Tuesday, June 26, 2018

The Cost of a Name Change

On April 19, 2018, one of the world’s last remaining absolute monarchs announced that Swaziland will be officially known as the Kingdom of eSwatini. 

King Mswati III (left) had added – I’m not sure if it was an afterthought – that too often, Swaziland was confused with the similar-sounding Switzerland, when referred to abroad. 

I wasn’t concerned about the name change – after all, Bheki Makhubu, a journalist and editor of local magazine The Nation, said that the King’s pretty much doing what he likes with the country. 

The King already treats the state of eSwatini as his personal property – besides, people are already used to the king referring to his country as eSwatini anyway. 

I was concerned about the cost of the name change. 

According to South Africa-based intellectual property lawyer and blogger Darren Olivier: “There’s value in that, there’s intrinsic value in that identity and what it means for the people”. 

But at the same time, he also admitted there’s a cost to pay. Like many, Olivier had wondered exactly what the price tag for eSwatini will be. 

In his blog, he had estimated that it will cost the country $6 million to change its name. 

He calculated this based on the country’s taxable and non-taxable revenue at about $1 billion. For a large company the average marketing budget costs around 6% of its revenue, he surmised. That would be $60 million in this case – and rebranding budgets typically take up 10% of those marketing costs. This gives the $6 million that may ultimately have to be found by the eSwatini government. 

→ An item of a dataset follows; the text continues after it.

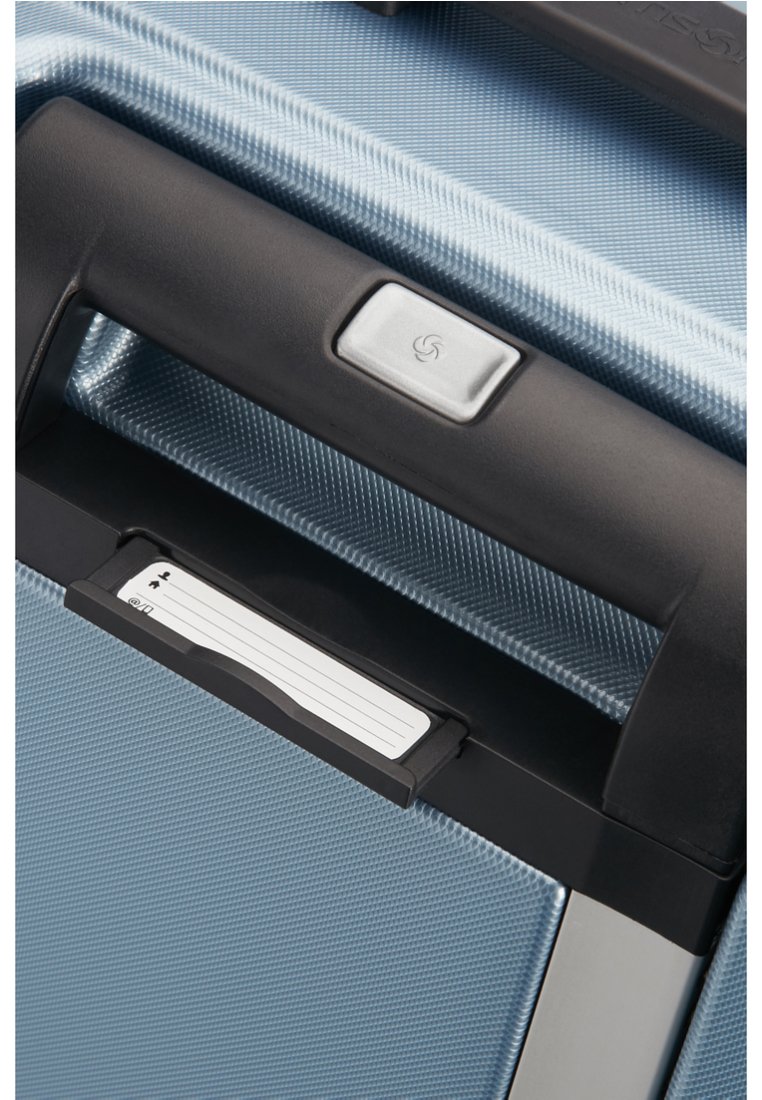 Poignée de valise rigide bleue avec une surface texturée et des accents noirs. Comprend un bouton en argent et un porte-carte pour identification.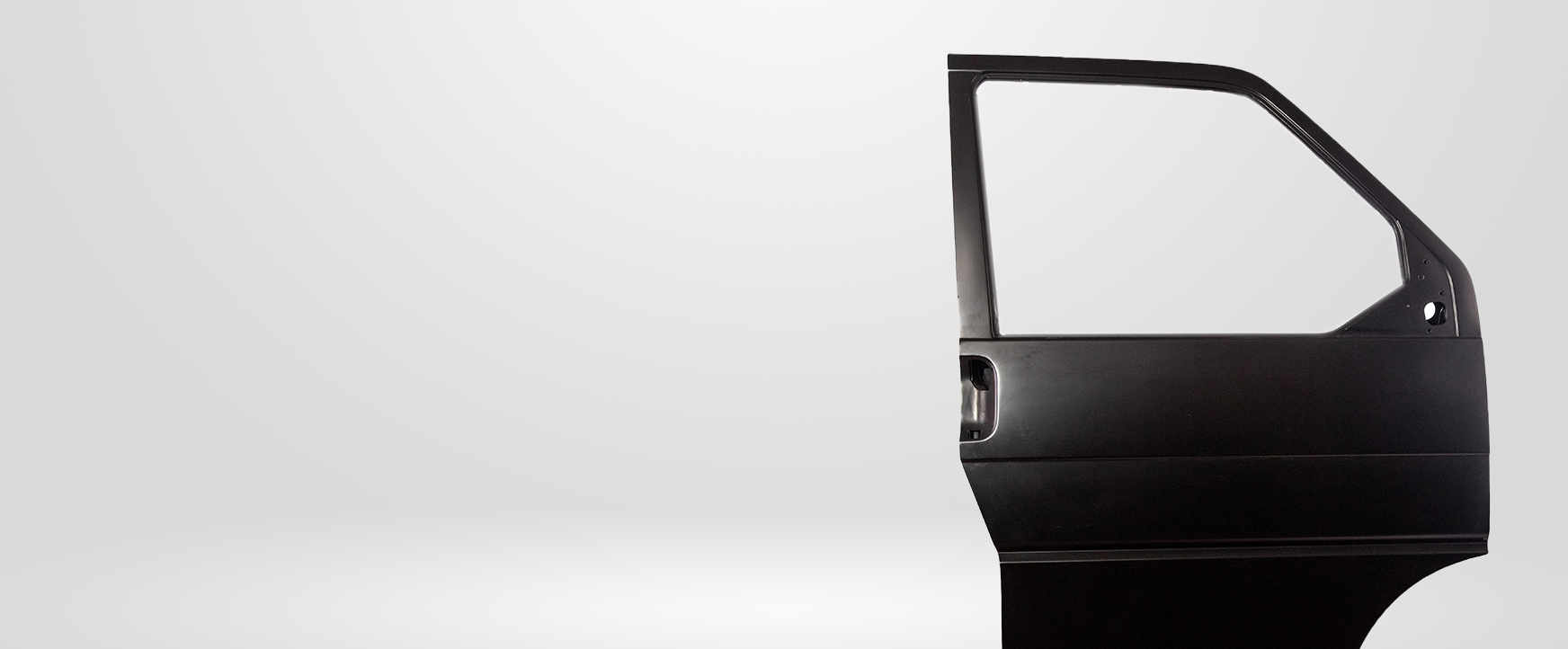 Black car door against a white background.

As Olivier had pointed out, for a small country that is largely agricultural – with about 70% of the population depending on subsistence farming, growing food to feed their families – that is “not insignificant”. 

He said his estimate was very “back of the envelope” and based mainly on assumptions about how rebranding works in corporate contexts such as when a company changes its name – but it was a potentially useful bit of guesswork given that no-one really knows what kind of bill King Mswati III’s people will be left with. 

Jeremy Sampson, executive director for Africa at marketing firm Brand Finance opined: “The paperwork, the website, signage on government properties, government agencies – there’s a huge, huge expenditure here and one’s got to ask right at the beginning is this really necessary”. 

For sure, everything has a price.

Anyway, a country's gotta do what it's gotta do!








Yesterday, in Group A, the World Cup match between Egypt and Saudi Arabia saw the former losing to the latter 1-2. The result didn’t matter because both countries had already been eliminated. In the other match, Uruguay easily whipped Russia 3-0 – in any case, the two countries have made it to the Round of 16. 

In Group B, Portugal drew 1-1 with Iran and the match between Spain and Morocco saw both teams scoring two goals each. Of course, Portugal and Spain progress to the Round of 16 too.